Cam O’Connell, 23, has had to face many obstacles in his young life, but because of his determination, his strength of character, and the support he has received from those closest to him, those obstacles have also presented him with opportunities to grow.
Now the Red Deer professional boxer feels it is his time to start giving back to his community.
“I have a list (of people who helped get me through the tough times),” explained O’Connell. “A very good counsellor at my school, my coaches, my father and mother, and (fellow boxer) Arash Usmanee. His positivity even when the worst things happened. He was a role model to me, not just a mentor.”
“The community has done so much for me! I felt that I should be giving back and I didn’t know how to do it. I’ve always coached kids and worked with them, but recently I got to do an anti-bullying speech.”
As a professional boxer O’Connell has a 3-0-1 record. As an amateur he had 136 bouts, and 101 wins. He was a 12-time Alberta provincial champion, four-time Western Canadian champion, two-time Canadian national champion, bronze medallist at the Junior Olympics in 2005, and Ringside world champion in 2007.
But life has not always been so successful for O’Connell.
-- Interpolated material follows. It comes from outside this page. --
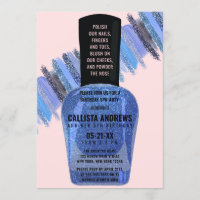 Blue Pink Glitter Nail Polish Spa Day Birthday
Middle school was an extremely difficult time in his life. It was a time when he was bullied, and he would get into trouble for fighting back.
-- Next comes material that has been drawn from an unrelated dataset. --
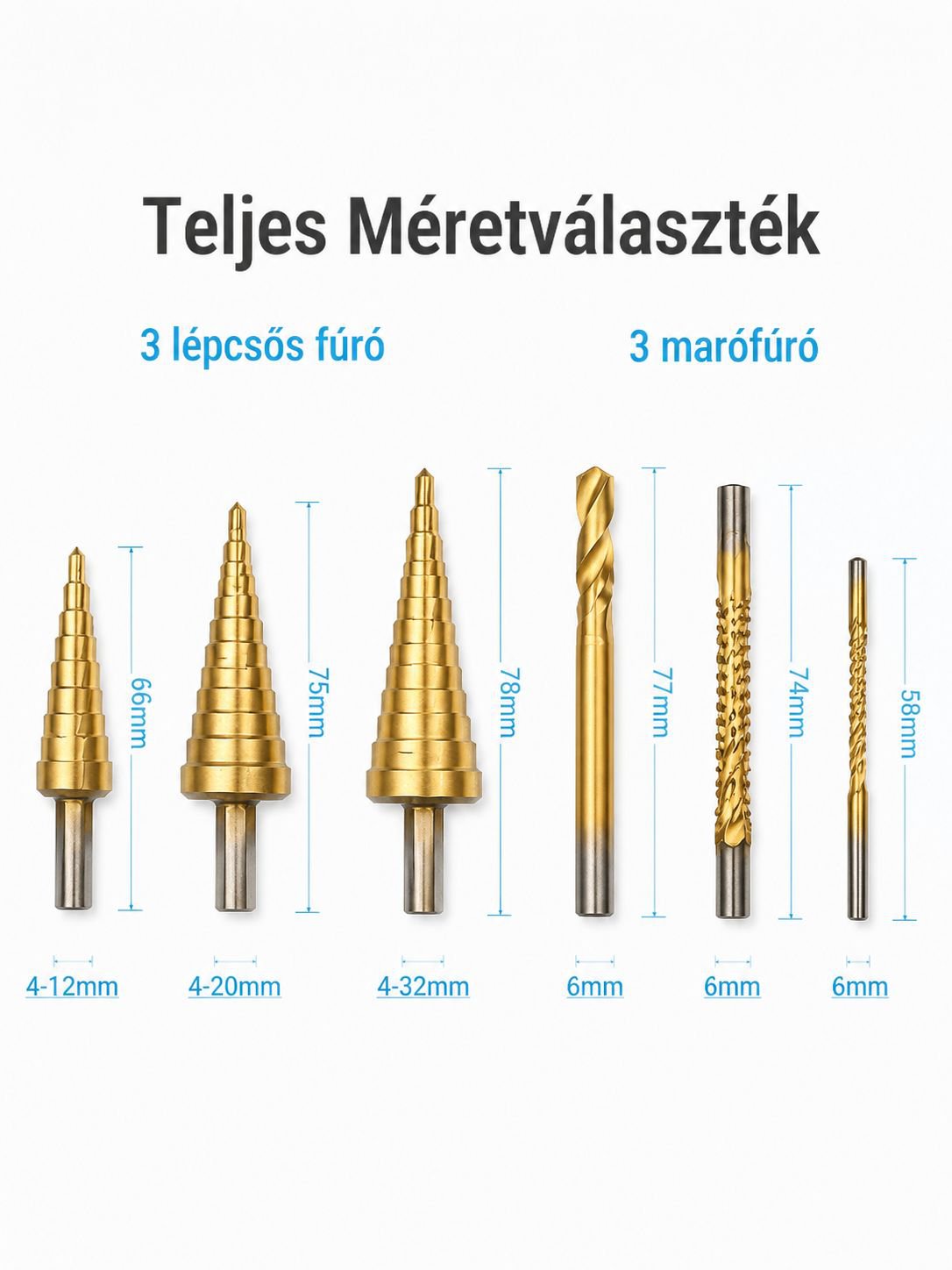 Lépcsős fúró fa és műanyag anyaghoz is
“Middle School was tough,” said the boxer. “It was just when I started boxing and being bullied. I would fight back and I would get into a lot of scraps at school and then people heard I was a boxer and it would cause even more bullying and scraps at school.”
With the help of school staff, his coaches and his family, O’Connell was able to overcome that dark period in his life.
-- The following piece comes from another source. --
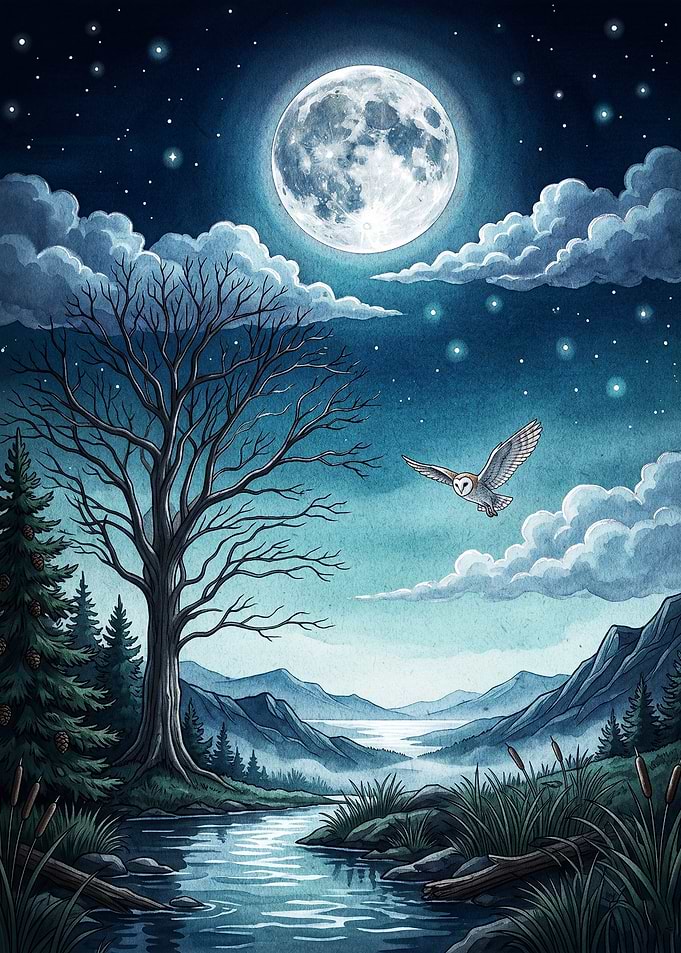 Owl Night Sky Watercolor Art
“By the time I hit Grade Eight, I understood boxing a little bit more and I knew what I was doing and I was confident in my abilities to box,” he said. “But I didn’t have to fight. I didn’t have to prove myself anymore to bullies. People still talked, there is always going to be people who talk, but when you know your abilities you don’t have to prove it.
“It gave me self-confidence to move on in life, don’t worry about the little things that people say, just keep going. That is what I try to tell the kids at the presentations. I had a lot of questions about how I overcame it (bullying) and whether boxing is the way. But I don’t think that boxing is the way. I think any sport, anything that you can do to get your mind off of the bullying and to gain confidence will help you to overcome bullying. That is the reason I kind of got into boxing, not to defend against bullies but to have self confidence to overcome bullies.”
O’Connell has twice had opportunities to talk at bullying workshops at the Red Deer Public Library. The audience included school groups, but also adults with mental disabilities, with stories about how they would get bullied by kids when they take public transportation.
O’Connell enjoyed giving his presentation at these workshops, but what he appreciated the most was working one-on-one with those in attendance.
“I have gotten a chance to tell my story a couple times now and the anti-bullying is working for me,” explained the boxer. “I like giving back, and it feels like I am helping these kids overcome big problems. The feeling is amazing. That one-on-one is where I felt I was making the difference. Anyone can give a speech, but talking to the kids one-on-one is what helped the kids.”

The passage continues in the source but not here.